## What to work on
Instruction for the entries below: return the part that opens with the line containing "1 applique Art" and closes with the line containing "Rockets history: Olajuwon", exactly, and no pictures.

## Task input
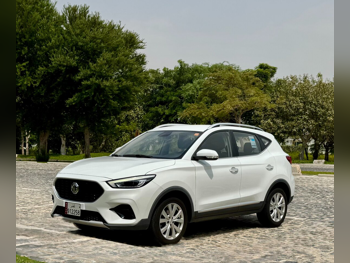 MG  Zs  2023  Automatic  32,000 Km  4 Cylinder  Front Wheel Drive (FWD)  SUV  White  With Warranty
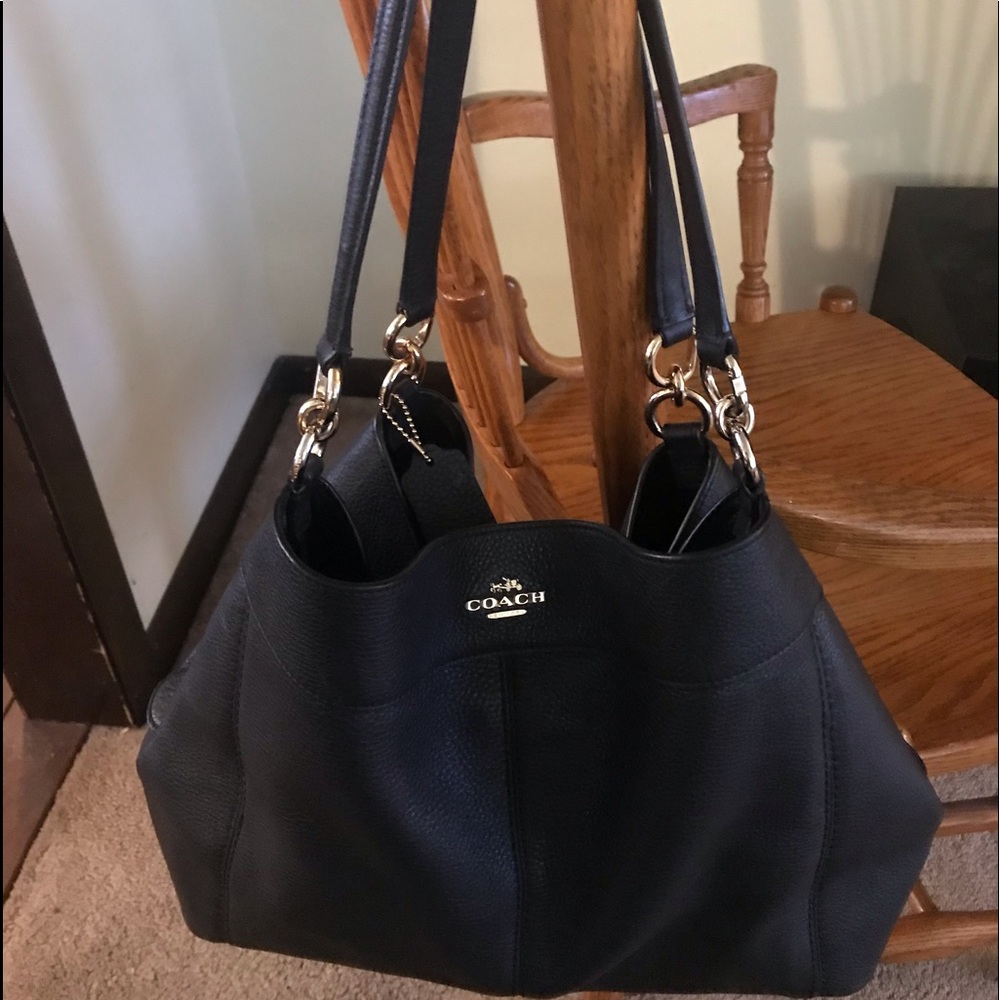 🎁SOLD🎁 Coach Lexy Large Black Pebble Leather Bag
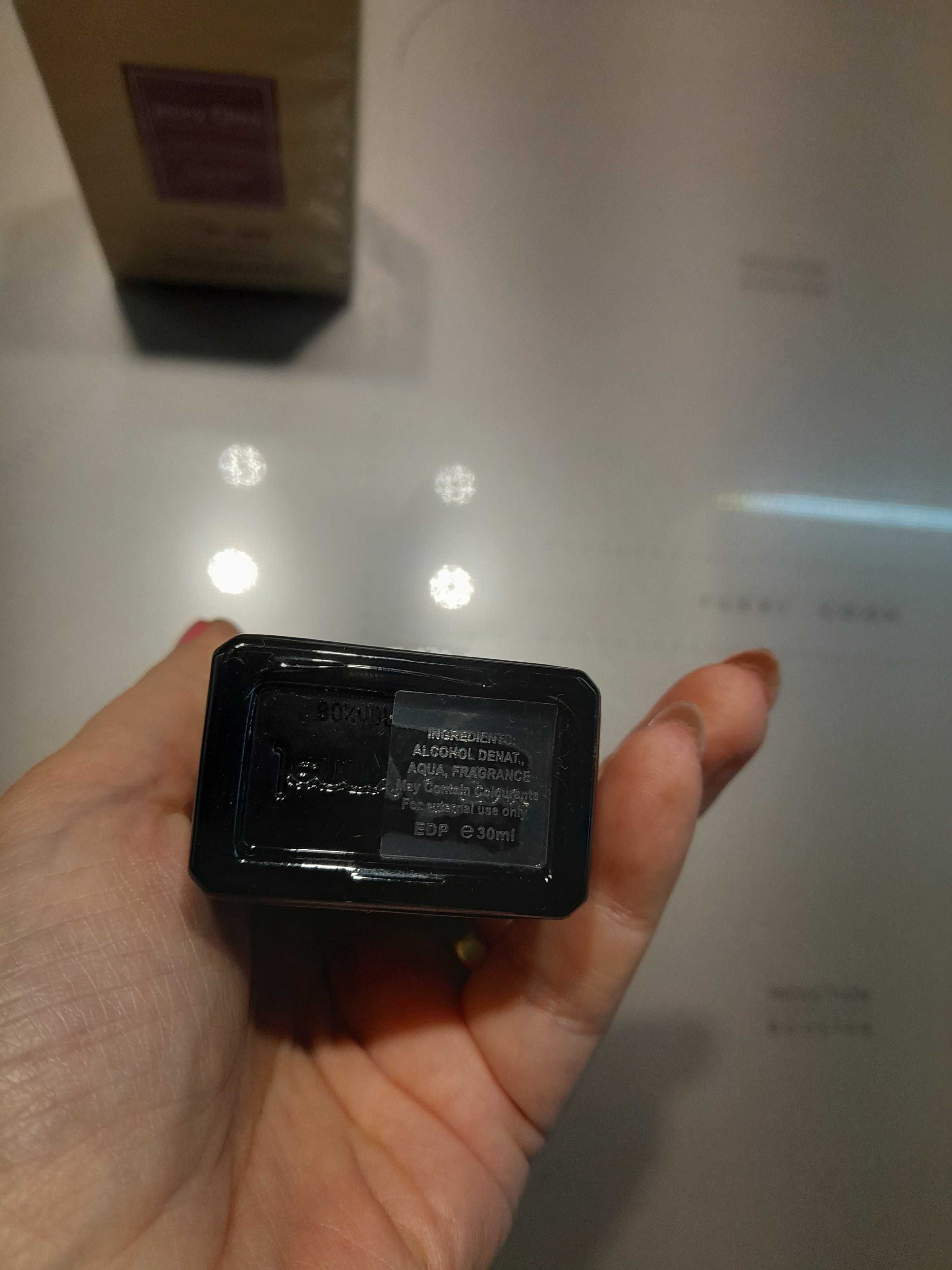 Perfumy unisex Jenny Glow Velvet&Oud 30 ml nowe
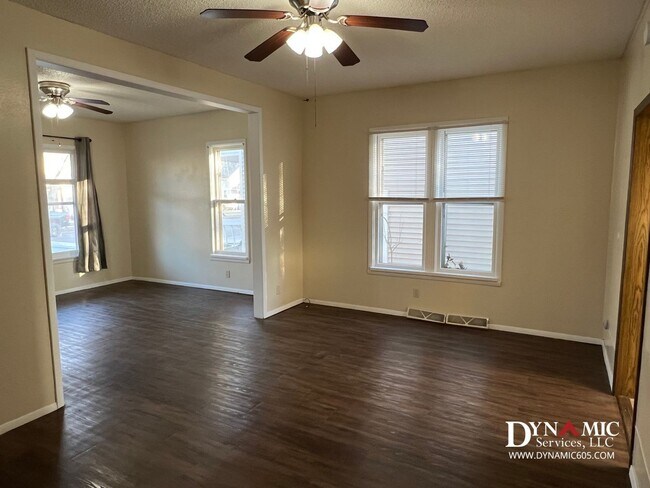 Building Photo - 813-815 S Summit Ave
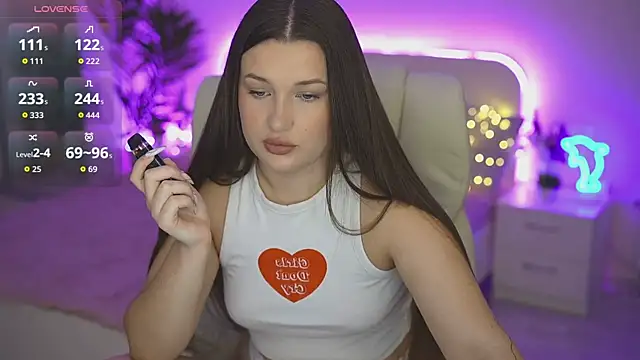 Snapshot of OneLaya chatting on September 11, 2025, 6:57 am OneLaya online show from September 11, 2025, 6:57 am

...

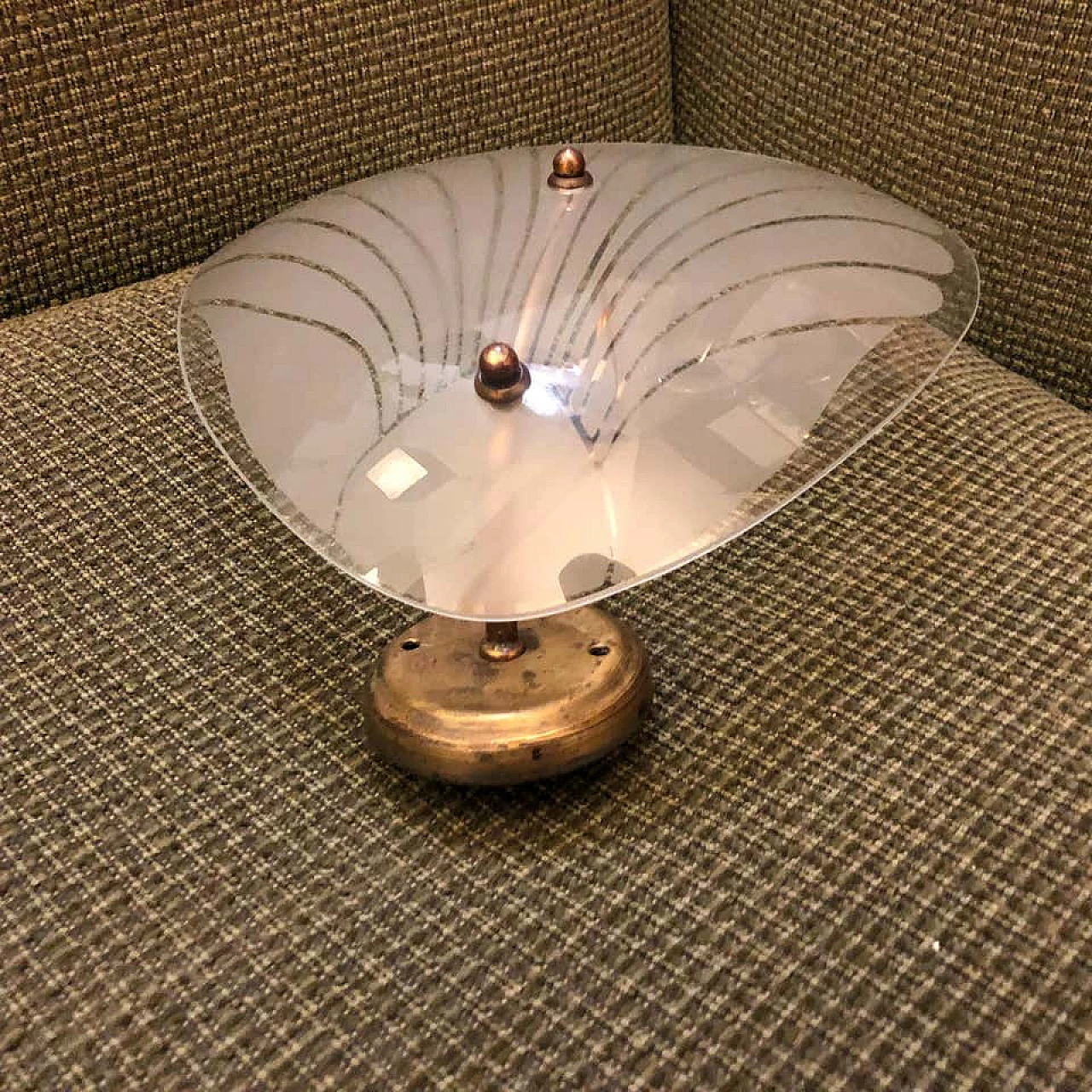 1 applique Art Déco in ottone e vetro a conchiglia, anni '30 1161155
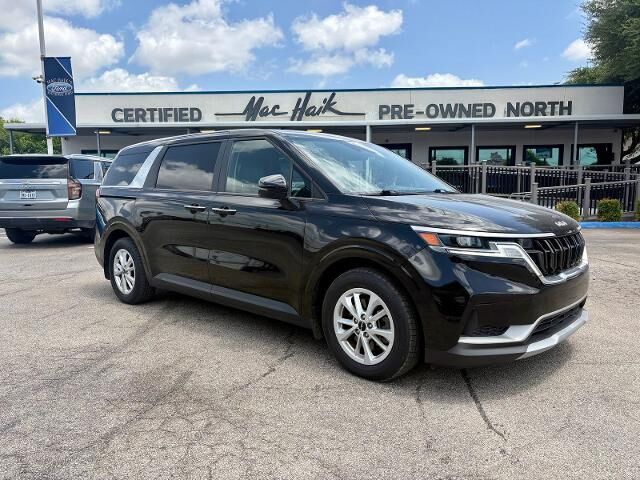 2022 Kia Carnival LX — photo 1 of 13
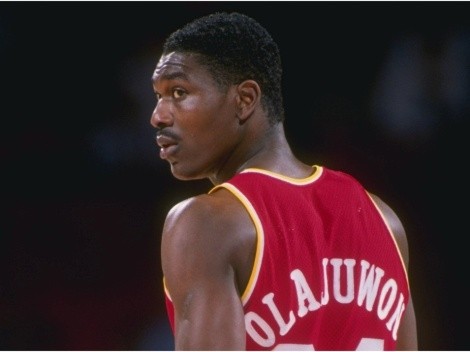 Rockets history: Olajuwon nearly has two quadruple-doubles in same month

==

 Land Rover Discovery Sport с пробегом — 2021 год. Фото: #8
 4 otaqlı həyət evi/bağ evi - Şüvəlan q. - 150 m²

## Response area
 1 applique Art Déco in ottone e vetro a conchiglia, anni '30 1161155
 2022 Kia Carnival LX — photo 1 of 13
 Rockets history: Olajuwon nearly has two quadruple-doubles in same month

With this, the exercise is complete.